WHAT YOU NEED TO DO
Each record must be repeated exactly. None may be dropped.
[GIVEN RECORDS]
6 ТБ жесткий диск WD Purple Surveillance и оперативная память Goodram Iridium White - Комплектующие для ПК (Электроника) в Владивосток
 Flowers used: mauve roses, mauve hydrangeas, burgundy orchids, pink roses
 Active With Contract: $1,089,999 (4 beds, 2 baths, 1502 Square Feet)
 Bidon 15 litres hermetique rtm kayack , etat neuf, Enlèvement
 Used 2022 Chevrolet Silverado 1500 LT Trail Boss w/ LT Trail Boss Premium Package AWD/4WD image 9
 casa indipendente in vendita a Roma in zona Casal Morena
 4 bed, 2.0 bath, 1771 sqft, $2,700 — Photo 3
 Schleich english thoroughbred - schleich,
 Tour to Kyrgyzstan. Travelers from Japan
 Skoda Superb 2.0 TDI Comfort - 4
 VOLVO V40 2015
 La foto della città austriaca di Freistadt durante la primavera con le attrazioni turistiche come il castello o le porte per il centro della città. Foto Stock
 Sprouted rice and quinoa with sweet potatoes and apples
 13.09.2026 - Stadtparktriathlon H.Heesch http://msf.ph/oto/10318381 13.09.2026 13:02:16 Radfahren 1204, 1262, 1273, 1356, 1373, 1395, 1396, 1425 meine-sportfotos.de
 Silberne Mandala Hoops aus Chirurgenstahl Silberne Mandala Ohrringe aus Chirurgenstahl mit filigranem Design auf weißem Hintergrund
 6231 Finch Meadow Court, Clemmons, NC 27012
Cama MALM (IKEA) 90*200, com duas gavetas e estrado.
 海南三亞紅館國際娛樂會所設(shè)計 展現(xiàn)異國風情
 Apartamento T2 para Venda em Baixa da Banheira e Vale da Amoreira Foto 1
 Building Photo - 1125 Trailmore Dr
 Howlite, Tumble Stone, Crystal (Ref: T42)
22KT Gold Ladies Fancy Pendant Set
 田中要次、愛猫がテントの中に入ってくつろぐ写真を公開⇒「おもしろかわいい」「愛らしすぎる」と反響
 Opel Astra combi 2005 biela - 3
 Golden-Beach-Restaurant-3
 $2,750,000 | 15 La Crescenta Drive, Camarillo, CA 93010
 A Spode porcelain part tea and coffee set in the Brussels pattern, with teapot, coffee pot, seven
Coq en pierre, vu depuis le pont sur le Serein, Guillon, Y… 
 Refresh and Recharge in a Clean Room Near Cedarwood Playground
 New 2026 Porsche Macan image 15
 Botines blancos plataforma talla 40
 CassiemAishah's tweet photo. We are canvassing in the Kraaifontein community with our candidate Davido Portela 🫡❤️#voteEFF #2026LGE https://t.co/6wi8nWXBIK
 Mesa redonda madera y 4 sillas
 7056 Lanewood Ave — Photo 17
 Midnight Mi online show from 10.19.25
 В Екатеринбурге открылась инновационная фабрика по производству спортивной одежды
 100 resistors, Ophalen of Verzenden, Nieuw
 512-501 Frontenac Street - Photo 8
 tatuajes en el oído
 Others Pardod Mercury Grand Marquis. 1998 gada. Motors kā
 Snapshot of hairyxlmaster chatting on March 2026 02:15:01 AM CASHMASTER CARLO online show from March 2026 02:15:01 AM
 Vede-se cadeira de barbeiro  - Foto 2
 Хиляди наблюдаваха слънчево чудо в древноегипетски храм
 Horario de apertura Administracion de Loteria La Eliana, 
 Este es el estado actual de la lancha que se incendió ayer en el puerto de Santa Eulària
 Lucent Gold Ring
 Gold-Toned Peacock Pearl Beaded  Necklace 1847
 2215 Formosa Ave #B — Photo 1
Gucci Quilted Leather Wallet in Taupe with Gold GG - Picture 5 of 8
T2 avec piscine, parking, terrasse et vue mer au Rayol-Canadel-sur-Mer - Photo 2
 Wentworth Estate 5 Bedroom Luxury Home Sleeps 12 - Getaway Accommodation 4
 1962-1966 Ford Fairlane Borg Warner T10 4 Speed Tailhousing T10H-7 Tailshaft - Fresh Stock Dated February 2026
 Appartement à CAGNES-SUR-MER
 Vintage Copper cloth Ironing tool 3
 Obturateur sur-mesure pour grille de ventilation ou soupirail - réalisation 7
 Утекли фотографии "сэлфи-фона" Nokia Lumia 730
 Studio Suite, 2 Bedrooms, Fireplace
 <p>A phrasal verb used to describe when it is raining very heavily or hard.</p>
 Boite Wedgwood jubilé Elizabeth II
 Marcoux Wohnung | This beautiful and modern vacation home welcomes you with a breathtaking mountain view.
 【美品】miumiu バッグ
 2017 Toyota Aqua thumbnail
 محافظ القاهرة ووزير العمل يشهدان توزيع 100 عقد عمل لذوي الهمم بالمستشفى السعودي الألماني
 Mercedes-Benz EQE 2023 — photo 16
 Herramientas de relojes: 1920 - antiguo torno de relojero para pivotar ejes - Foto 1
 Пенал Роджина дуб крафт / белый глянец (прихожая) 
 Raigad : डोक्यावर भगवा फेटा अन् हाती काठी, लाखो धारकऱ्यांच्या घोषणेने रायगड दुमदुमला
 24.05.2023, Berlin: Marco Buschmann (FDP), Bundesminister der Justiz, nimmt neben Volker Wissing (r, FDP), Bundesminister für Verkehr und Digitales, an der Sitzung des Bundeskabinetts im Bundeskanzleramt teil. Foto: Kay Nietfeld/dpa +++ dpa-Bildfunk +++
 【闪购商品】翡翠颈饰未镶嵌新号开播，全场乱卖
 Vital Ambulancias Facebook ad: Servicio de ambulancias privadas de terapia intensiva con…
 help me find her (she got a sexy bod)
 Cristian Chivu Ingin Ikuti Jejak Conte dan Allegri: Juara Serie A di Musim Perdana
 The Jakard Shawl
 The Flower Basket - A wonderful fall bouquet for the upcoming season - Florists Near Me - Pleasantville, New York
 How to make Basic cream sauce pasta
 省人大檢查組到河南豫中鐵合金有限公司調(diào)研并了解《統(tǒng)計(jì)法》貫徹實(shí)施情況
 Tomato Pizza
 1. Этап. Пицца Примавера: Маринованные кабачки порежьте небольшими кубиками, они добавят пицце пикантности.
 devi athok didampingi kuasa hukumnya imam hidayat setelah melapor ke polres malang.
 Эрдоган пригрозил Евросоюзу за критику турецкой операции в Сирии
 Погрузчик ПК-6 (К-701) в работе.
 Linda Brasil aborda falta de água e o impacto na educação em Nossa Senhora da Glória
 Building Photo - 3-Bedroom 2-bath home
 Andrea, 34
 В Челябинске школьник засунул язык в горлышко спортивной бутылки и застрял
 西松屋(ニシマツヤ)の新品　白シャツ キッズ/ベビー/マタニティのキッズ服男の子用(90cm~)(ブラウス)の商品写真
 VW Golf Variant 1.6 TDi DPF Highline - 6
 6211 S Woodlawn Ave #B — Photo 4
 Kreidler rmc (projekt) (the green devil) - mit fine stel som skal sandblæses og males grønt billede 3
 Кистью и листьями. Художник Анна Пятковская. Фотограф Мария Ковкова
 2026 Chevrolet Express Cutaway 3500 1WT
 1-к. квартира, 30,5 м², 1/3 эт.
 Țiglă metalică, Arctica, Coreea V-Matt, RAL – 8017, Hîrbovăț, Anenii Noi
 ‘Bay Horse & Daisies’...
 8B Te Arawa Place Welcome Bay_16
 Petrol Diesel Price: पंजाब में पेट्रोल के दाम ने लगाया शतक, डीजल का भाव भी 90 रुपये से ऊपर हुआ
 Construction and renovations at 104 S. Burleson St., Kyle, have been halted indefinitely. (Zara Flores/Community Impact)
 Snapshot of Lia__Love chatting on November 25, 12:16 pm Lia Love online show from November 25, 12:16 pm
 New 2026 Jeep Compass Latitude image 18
[/GIVEN RECORDS]
FINISHED TASK
6 ТБ жесткий диск WD Purple Surveillance и оперативная память Goodram Iridium White - Комплектующие для ПК (Электроника) в Владивосток
 Flowers used: mauve roses, mauve hydrangeas, burgundy orchids, pink roses
 Active With Contract: $1,089,999 (4 beds, 2 baths, 1502 Square Feet)
 Bidon 15 litres hermetique rtm kayack , etat neuf, Enlèvement
 Used 2022 Chevrolet Silverado 1500 LT Trail Boss w/ LT Trail Boss Premium Package AWD/4WD image 9
 casa indipendente in vendita a Roma in zona Casal Morena
 4 bed, 2.0 bath, 1771 sqft, $2,700 — Photo 3
 Schleich english thoroughbred - schleich,
 Tour to Kyrgyzstan. Travelers from Japan
 Skoda Superb 2.0 TDI Comfort - 4
 VOLVO V40 2015
 La foto della città austriaca di Freistadt durante la primavera con le attrazioni turistiche come il castello o le porte per il centro della città. Foto Stock
 Sprouted rice and quinoa with sweet potatoes and apples
 13.09.2026 - Stadtparktriathlon H.Heesch http://msf.ph/oto/10318381 13.09.2026 13:02:16 Radfahren 1204, 1262, 1273, 1356, 1373, 1395, 1396, 1425 meine-sportfotos.de
 Silberne Mandala Hoops aus Chirurgenstahl Silberne Mandala Ohrringe aus Chirurgenstahl mit filigranem Design auf weißem Hintergrund
 6231 Finch Meadow Court, Clemmons, NC 27012
Cama MALM (IKEA) 90*200, com duas gavetas e estrado.
 海南三亞紅館國際娛樂會所設(shè)計 展現(xiàn)異國風情
 Apartamento T2 para Venda em Baixa da Banheira e Vale da Amoreira Foto 1
 Building Photo - 1125 Trailmore Dr
 Howlite, Tumble Stone, Crystal (Ref: T42)
22KT Gold Ladies Fancy Pendant Set
 田中要次、愛猫がテントの中に入ってくつろぐ写真を公開⇒「おもしろかわいい」「愛らしすぎる」と反響
 Opel Astra combi 2005 biela - 3
 Golden-Beach-Restaurant-3
 $2,750,000 | 15 La Crescenta Drive, Camarillo, CA 93010
 A Spode porcelain part tea and coffee set in the Brussels pattern, with teapot, coffee pot, seven
Coq en pierre, vu depuis le pont sur le Serein, Guillon, Y… 
 Refresh and Recharge in a Clean Room Near Cedarwood Playground
 New 2026 Porsche Macan image 15
 Botines blancos plataforma talla 40
 CassiemAishah's tweet photo. We are canvassing in the Kraaifontein community with our candidate Davido Portela 🫡❤️#voteEFF #2026LGE https://t.co/6wi8nWXBIK
 Mesa redonda madera y 4 sillas
 7056 Lanewood Ave — Photo 17
 Midnight Mi online show from 10.19.25
 В Екатеринбурге открылась инновационная фабрика по производству спортивной одежды
 100 resistors, Ophalen of Verzenden, Nieuw
 512-501 Frontenac Street - Photo 8
 tatuajes en el oído
 Others Pardod Mercury Grand Marquis. 1998 gada. Motors kā
 Snapshot of hairyxlmaster chatting on March 2026 02:15:01 AM CASHMASTER CARLO online show from March 2026 02:15:01 AM
 Vede-se cadeira de barbeiro  - Foto 2
 Хиляди наблюдаваха слънчево чудо в древноегипетски храм
 Horario de apertura Administracion de Loteria La Eliana, 
 Este es el estado actual de la lancha que se incendió ayer en el puerto de Santa Eulària
 Lucent Gold Ring
 Gold-Toned Peacock Pearl Beaded  Necklace 1847
 2215 Formosa Ave #B — Photo 1
Gucci Quilted Leather Wallet in Taupe with Gold GG - Picture 5 of 8
T2 avec piscine, parking, terrasse et vue mer au Rayol-Canadel-sur-Mer - Photo 2
 Wentworth Estate 5 Bedroom Luxury Home Sleeps 12 - Getaway Accommodation 4
 1962-1966 Ford Fairlane Borg Warner T10 4 Speed Tailhousing T10H-7 Tailshaft - Fresh Stock Dated February 2026
 Appartement à CAGNES-SUR-MER
 Vintage Copper cloth Ironing tool 3
 Obturateur sur-mesure pour grille de ventilation ou soupirail - réalisation 7
 Утекли фотографии "сэлфи-фона" Nokia Lumia 730
 Studio Suite, 2 Bedrooms, Fireplace
 <p>A phrasal verb used to describe when it is raining very heavily or hard.</p>
 Boite Wedgwood jubilé Elizabeth II
 Marcoux Wohnung | This beautiful and modern vacation home welcomes you with a breathtaking mountain view.
 【美品】miumiu バッグ
 2017 Toyota Aqua thumbnail
 محافظ القاهرة ووزير العمل يشهدان توزيع 100 عقد عمل لذوي الهمم بالمستشفى السعودي الألماني
 Mercedes-Benz EQE 2023 — photo 16
 Herramientas de relojes: 1920 - antiguo torno de relojero para pivotar ejes - Foto 1
 Пенал Роджина дуб крафт / белый глянец (прихожая) 
 Raigad : डोक्यावर भगवा फेटा अन् हाती काठी, लाखो धारकऱ्यांच्या घोषणेने रायगड दुमदुमला
 24.05.2023, Berlin: Marco Buschmann (FDP), Bundesminister der Justiz, nimmt neben Volker Wissing (r, FDP), Bundesminister für Verkehr und Digitales, an der Sitzung des Bundeskabinetts im Bundeskanzleramt teil. Foto: Kay Nietfeld/dpa +++ dpa-Bildfunk +++
 【闪购商品】翡翠颈饰未镶嵌新号开播，全场乱卖
 Vital Ambulancias Facebook ad: Servicio de ambulancias privadas de terapia intensiva con…
 help me find her (she got a sexy bod)
 Cristian Chivu Ingin Ikuti Jejak Conte dan Allegri: Juara Serie A di Musim Perdana
 The Jakard Shawl
 The Flower Basket - A wonderful fall bouquet for the upcoming season - Florists Near Me - Pleasantville, New York
 How to make Basic cream sauce pasta
 省人大檢查組到河南豫中鐵合金有限公司調(diào)研并了解《統(tǒng)計(jì)法》貫徹實(shí)施情況
 Tomato Pizza
 1. Этап. Пицца Примавера: Маринованные кабачки порежьте небольшими кубиками, они добавят пицце пикантности.
 devi athok didampingi kuasa hukumnya imam hidayat setelah melapor ke polres malang.
 Эрдоган пригрозил Евросоюзу за критику турецкой операции в Сирии
 Погрузчик ПК-6 (К-701) в работе.
 Linda Brasil aborda falta de água e o impacto na educação em Nossa Senhora da Glória
 Building Photo - 3-Bedroom 2-bath home
 Andrea, 34
 В Челябинске школьник засунул язык в горлышко спортивной бутылки и застрял
 西松屋(ニシマツヤ)の新品　白シャツ キッズ/ベビー/マタニティのキッズ服男の子用(90cm~)(ブラウス)の商品写真
 VW Golf Variant 1.6 TDi DPF Highline - 6
 6211 S Woodlawn Ave #B — Photo 4
 Kreidler rmc (projekt) (the green devil) - mit fine stel som skal sandblæses og males grønt billede 3
 Кистью и листьями. Художник Анна Пятковская. Фотограф Мария Ковкова
 2026 Chevrolet Express Cutaway 3500 1WT
 1-к. квартира, 30,5 м², 1/3 эт.
 Țiglă metalică, Arctica, Coreea V-Matt, RAL – 8017, Hîrbovăț, Anenii Noi
 ‘Bay Horse & Daisies’...
 8B Te Arawa Place Welcome Bay_16
 Petrol Diesel Price: पंजाब में पेट्रोल के दाम ने लगाया शतक, डीजल का भाव भी 90 रुपये से ऊपर हुआ
 Construction and renovations at 104 S. Burleson St., Kyle, have been halted indefinitely. (Zara Flores/Community Impact)
 Snapshot of Lia__Love chatting on November 25, 12:16 pm Lia Love online show from November 25, 12:16 pm
 New 2026 Jeep Compass Latitude image 18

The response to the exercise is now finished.